BEGIN LISTED ENTRIES

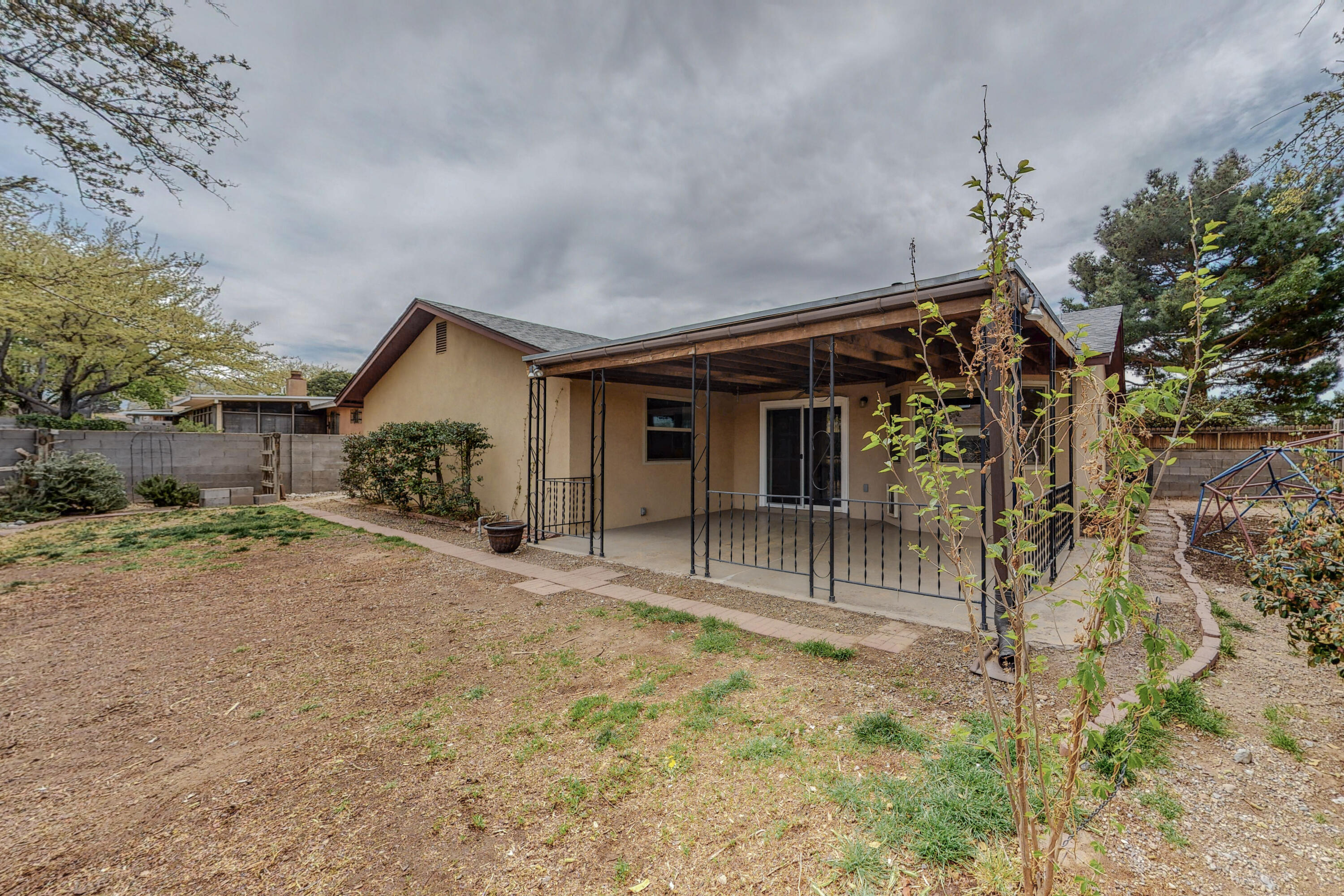 7545 CAPULIN Road NE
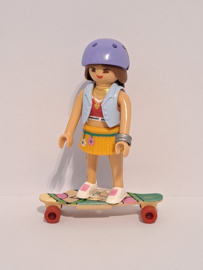 Meisje met skateboard (24)
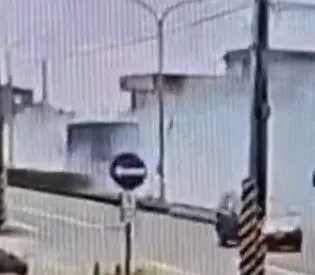 老翁情急之下跳車逃生,疑遭後方載運神轎的貨車閃避不及撞上。(圖/警方提供)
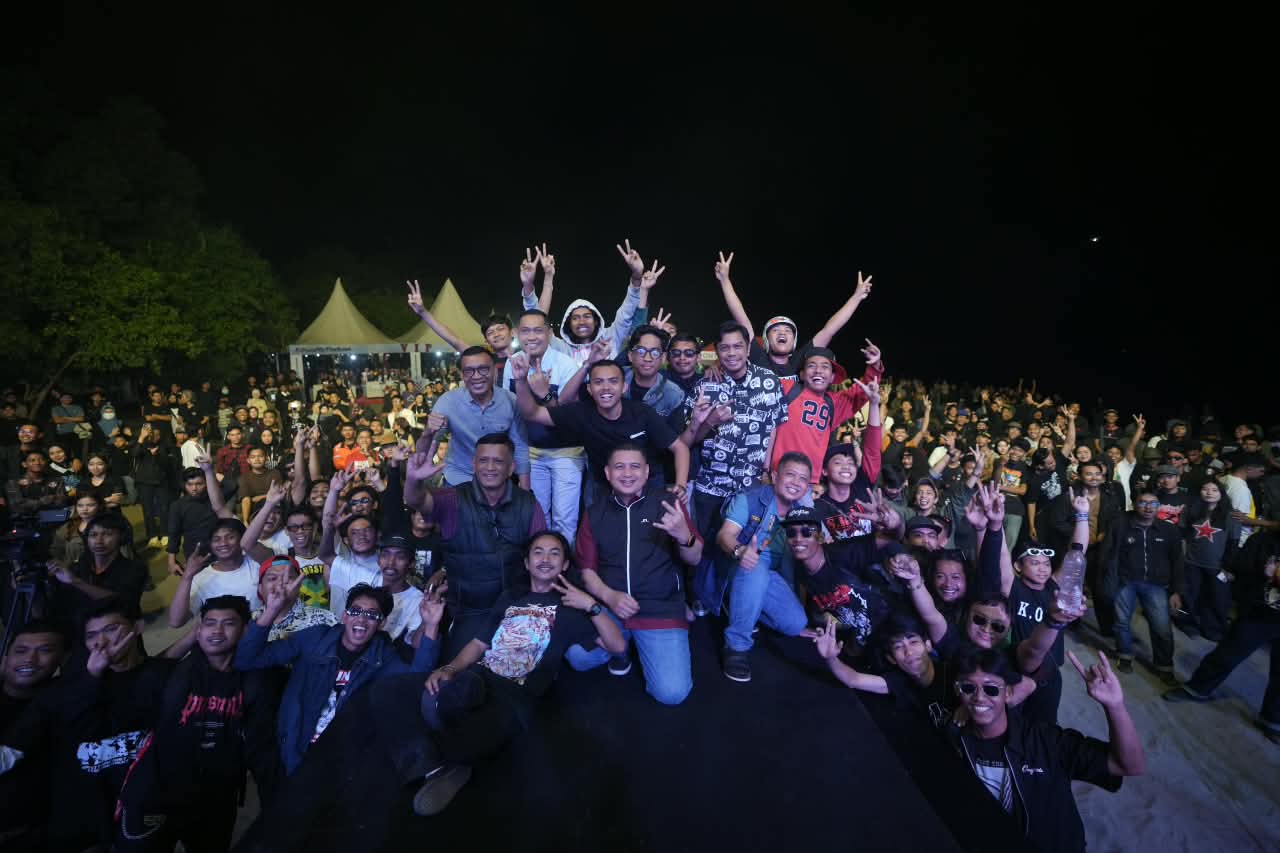 Wali Kota Makassar, Munafri Arifuddin alias Appi, mendorong Kota Makassar menjadi salah satu pusat berkumpulnya komunitas Vespa terbesar, tidak hanya di Indonesia tetapi juga di tingkat dunia.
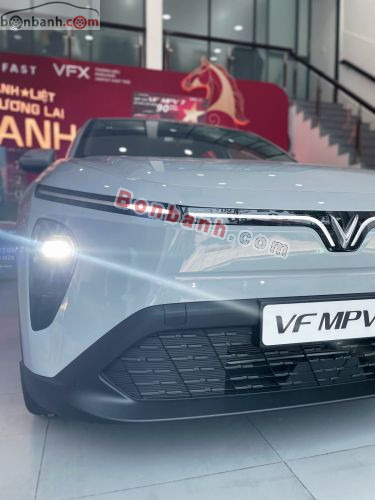 VinFast VF MPV 7 AT 2026 - ảnh 2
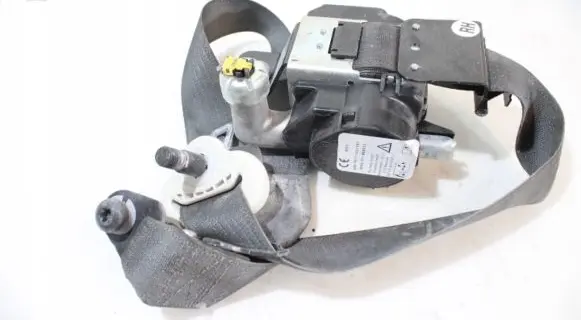 Ford Mondeo MK V Front seatbelt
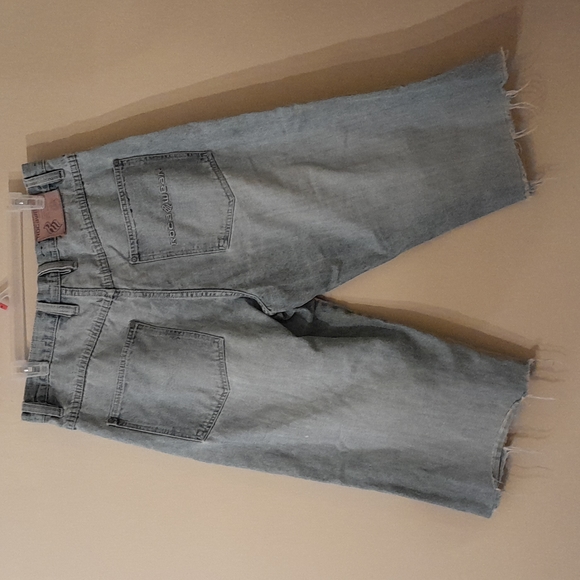 Rocawear denim shorts size 36 CUTOFF Raw hem - Picture 4 of 6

END LISTED ENTRIES

WHAT YOU ARE ASKED TO DO
Write out, please, the lines of the listing above from the one with "VinFast VF MPV 7 AT 2026 - ảnh 2" through the very last, exactly as given and with no pictures.

REPLY TO THE EXERCISE
 VinFast VF MPV 7 AT 2026 - ảnh 2
 Ford Mondeo MK V Front seatbelt
 Rocawear denim shorts size 36 CUTOFF Raw hem - Picture 4 of 6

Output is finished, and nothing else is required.